Two Minor Ethical-Religious Essays (original Danish title: Tvende ethisk-religieuse Smaa-Afhandlinger) is a work by the Danish philosopher Søren Kierkegaard, under the pseudonym H.H., written in 1847 and published on May 19, 1849. Kierkegaard wrote a book entitled A Cycle of Ethical-Religious Essays but chose to publish these two essays as a separate piece while leaving the rest unpublished. The unpublished work would eventually become The Book on Adler. The work is in dual authorship with his signed work Upbuilding Discourses in Various Spirits, also completed in 1847.

==Pseudonym==
Kierkegaard, known for his frequent use of pseudonyms, would publish only overtly religious works under his own name, but published his philosophical works under pseudonyms. Each name cultivates a different personality reflective of the overarching meaning of the work. H.H. was the first of two religious pseudonyms, the second being Anti-Climacus, the author of The Sickness Unto Death and Practice in Christianity. While both are religious, H.H. is less intellectually and philosophically engaged than Anti-Climacus. H.H. is also not an idealized representation of Christianity despite writing authoritatively.

==First essay==
The first essay is entitled Has a Man the Right to Let Himself Be Put to Death for the Truth? The essay outlines the idea and practice of martyrdom in Christianity and whether or not the martyr has the right to die for truth. The argument in the essay parallels both Kierkegaard's relationship to Regine Olsen and the Christian image of Jesus's crucifixion.

The essay's conclusion is that humans should not die for truth but instead be lovingly concerned for others.
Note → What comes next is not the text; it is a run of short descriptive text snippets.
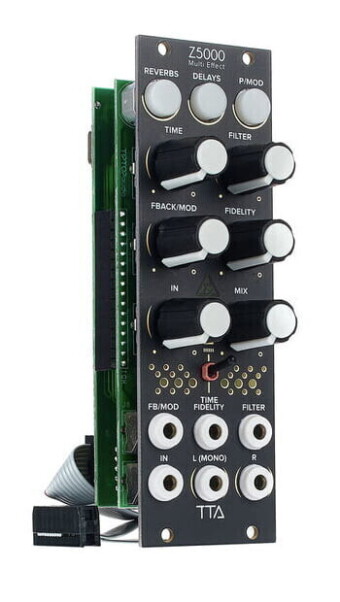 TIPTOP Audio Z5000 Multi Effect (Black) Фото 4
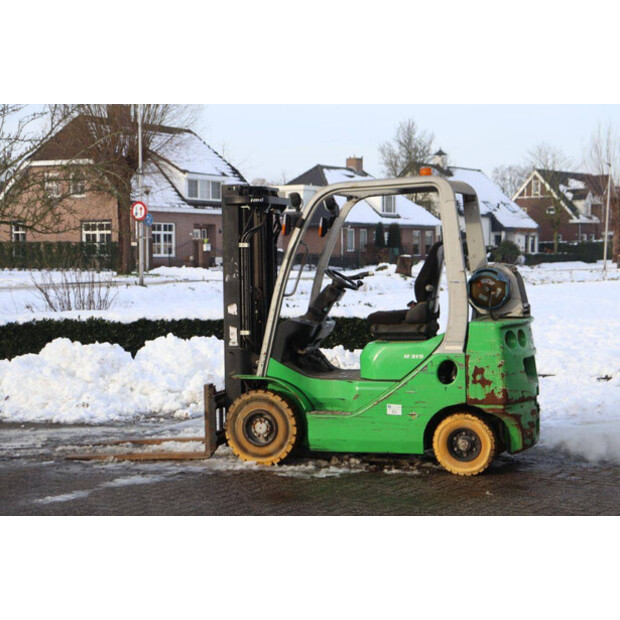 2015 Cesab M315G-45360774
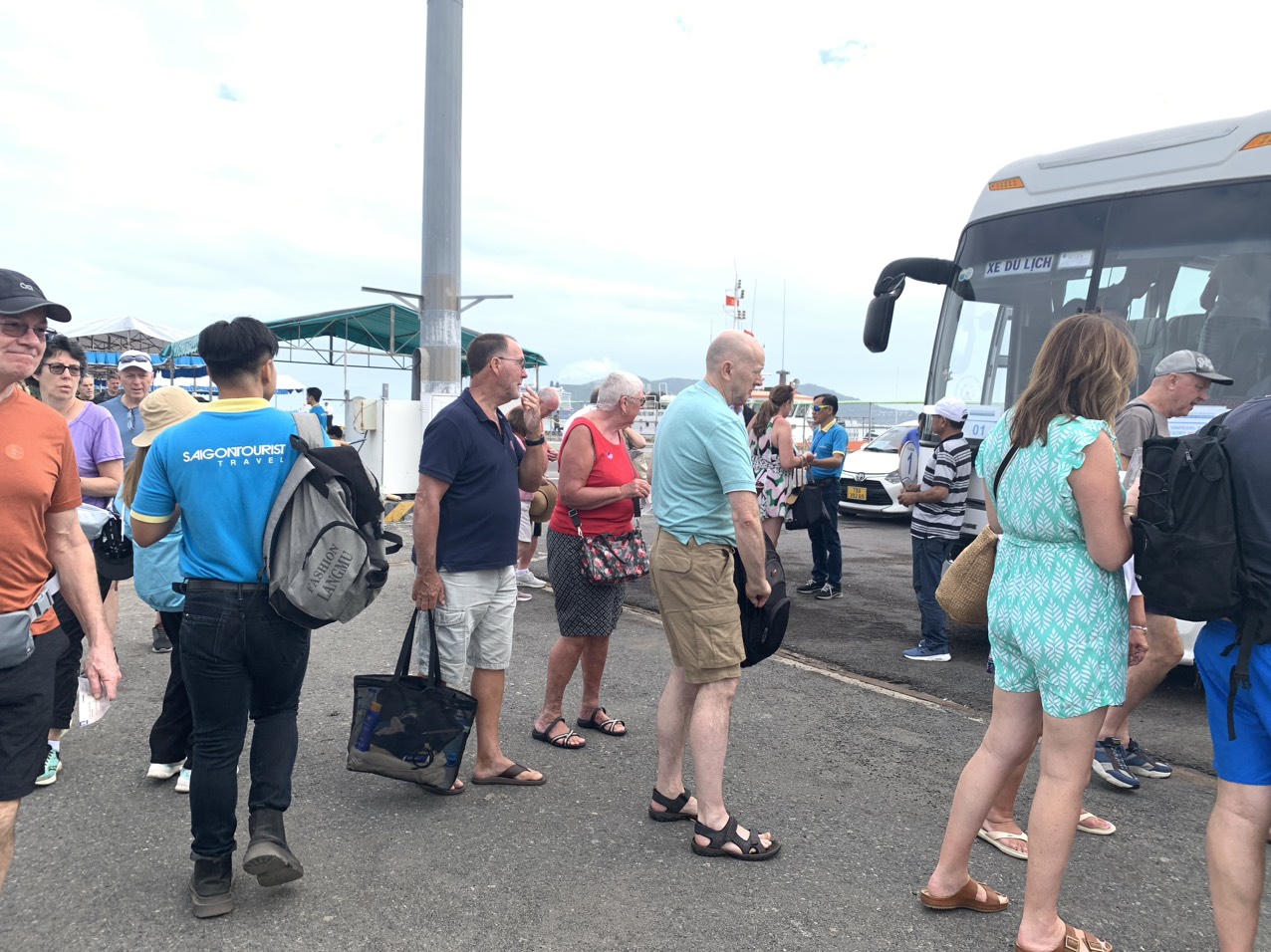 Du lịch bội thu dịp Tết Nguyên đán 2024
Kierkegaard would be later address this problem again in his essay Armed Neutrality, which is signed under his own name.

==Second essay==
The second essay is entitled The Difference Between a Genius and an Apostle. The work focuses on the issue of those who are associated with the "Absolute" (i.e., God) and those who are naturally intelligent or gifted. Although both types of men are similar, the apostle speaks with authority, whereas the genius does not. Kierkegaard regarded it as thoughtless to call St. Paul a genius if he was divinely inspired, since he spoke with authority.

A genius and an apostle are qualitatively different. All thought breathes in immanence, whereas faith and the paradox are a qualitative sphere unto themselves. Genius is immediateness. Genius is born. An apostle is not born: an apostle is a man called and appointed by God, receiving a mission from him. Authority is the decisive quality.